Luca De Cristofaro
Il labirinto di Cnosso
16 Gennaio Gen 2014 1235 16 gennaio 2014

Il sipario si apre con Vincenzo Pirrotta

Un sipario antimafia che viene aperto nel profondo sud Italia: Partinico, nel cuore di Palermo. E si apre su Torino, capoluogo piemontese, al teatro Gobetti, fino al 19 gennaio. Lo spettacolo è di Vincenzo Pirrotta, nato il 6 febbraio 1971, proprio nel piccolo comune siciliano incastonato tra San Giuseppe Jato e Terrasini, e più in là, Corleone.

Vincenzo, attore e regista teatrale, da cinque anni porta sui palchi italiani e esteri il suo spettacolo "La ballata delle balate" (la 'balata' è la lastra di marmo) e a chi gli ha chiesto se non ha paura di esporsi, ha sempre risposto che "se hai paura, sei un uomo morto". 

La ballata delle ballate è il racconto di un uomo, di un latitante, che nel suo covo recita un rosario dove i misteri dolorosi sono quelli della passione di Cristo, e i misteri gioiosi (misteri di stato) sono quelli delle 5000 vittime di cosa nostra.

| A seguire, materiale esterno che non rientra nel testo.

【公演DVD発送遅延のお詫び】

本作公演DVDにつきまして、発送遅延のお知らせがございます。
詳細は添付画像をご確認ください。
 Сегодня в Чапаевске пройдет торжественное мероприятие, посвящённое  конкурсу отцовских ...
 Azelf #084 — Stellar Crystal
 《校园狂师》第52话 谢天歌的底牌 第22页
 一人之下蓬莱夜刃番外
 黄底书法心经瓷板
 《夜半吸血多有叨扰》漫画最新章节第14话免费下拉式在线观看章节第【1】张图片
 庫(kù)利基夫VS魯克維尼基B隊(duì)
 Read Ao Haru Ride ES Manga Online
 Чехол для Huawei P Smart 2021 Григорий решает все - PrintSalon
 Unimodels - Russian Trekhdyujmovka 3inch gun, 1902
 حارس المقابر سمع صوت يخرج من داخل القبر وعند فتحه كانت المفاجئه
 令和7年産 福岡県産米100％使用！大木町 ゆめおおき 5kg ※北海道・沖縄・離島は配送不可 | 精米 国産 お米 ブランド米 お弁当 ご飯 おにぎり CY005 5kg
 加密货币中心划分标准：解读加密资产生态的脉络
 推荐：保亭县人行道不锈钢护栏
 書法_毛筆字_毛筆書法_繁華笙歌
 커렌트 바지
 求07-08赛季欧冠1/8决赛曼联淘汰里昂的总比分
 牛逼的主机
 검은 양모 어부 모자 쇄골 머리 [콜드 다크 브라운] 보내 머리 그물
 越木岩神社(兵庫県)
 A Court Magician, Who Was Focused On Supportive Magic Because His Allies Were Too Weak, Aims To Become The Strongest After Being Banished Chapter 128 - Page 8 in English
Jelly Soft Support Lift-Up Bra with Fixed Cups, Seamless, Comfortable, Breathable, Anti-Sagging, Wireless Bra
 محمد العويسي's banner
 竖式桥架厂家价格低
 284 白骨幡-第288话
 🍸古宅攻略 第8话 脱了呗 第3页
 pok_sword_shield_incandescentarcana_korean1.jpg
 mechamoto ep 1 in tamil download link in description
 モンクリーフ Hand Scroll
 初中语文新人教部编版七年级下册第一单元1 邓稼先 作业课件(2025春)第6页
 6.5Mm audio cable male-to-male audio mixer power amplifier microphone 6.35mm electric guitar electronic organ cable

In un delirio dove si incontrano misticismo e violenza vorrei creare il contrasto tra la parola di Dio che il latitante professa e la brutale parola della mafia che invece mette in pratica. Tutto senza ricorrere a immagini stereotipate, ma tentando di scrivere una pieces, una ballata, dove la poesia, la ricerca della musicalità, vorrebbero essere il filo rosso di questo canto di colpa e di “non espiazione”. Si legge dal sito di Pirrotta.

L'attore, formato nella tradizione popolare sicula attraverso anche l'uso della lingua della regione della 'Trinacria', conta come regista più di dieci spettacoli, e nel cinema diverse collaborazioni lavorando, tra i tanti, a fianco di John Turturro e Toni Servillo. Ha scritto a quattro mani con Peppe Lanzetta “Malaluna” che racconta le città di Palermo e Napoli, ospite di numerosi teatri stabili d’innovazione e che ha debuttato nel prestigioso progetto “Petrolio” di Mario Martone.


Vincenzo Pirrotta, attore e regista siciliano

In un'intervista poi a La Stampa, alla domanda "I suoi genitori non le hanno mai negato l’esistenza della mafia, come invece racconta Pif della sua giovinezza palermitana nel film «La mafia uccide solo d’estate»?", risponde: «Lui lo può dire proprio perchè viveva a Palermo. A Partinico si subisce ancora oggi la cultura mafiosa trapanese, è il regno del boss Matteo Messina Denaro, non si può non sapere. Fra i miei compagni di classe ci sono stati figli di boss, persone scomparse negli Anni ’90, vittime del rito dell’incaprettamento».

Siamo a teatro. Ora silenzio. Pronti per fischi o applausi. Si spengono le luci. Sul palco si apre il sipario ed ecco in scena lo strapotere della comunicazione, da sempre, angusta nemica delle mafie.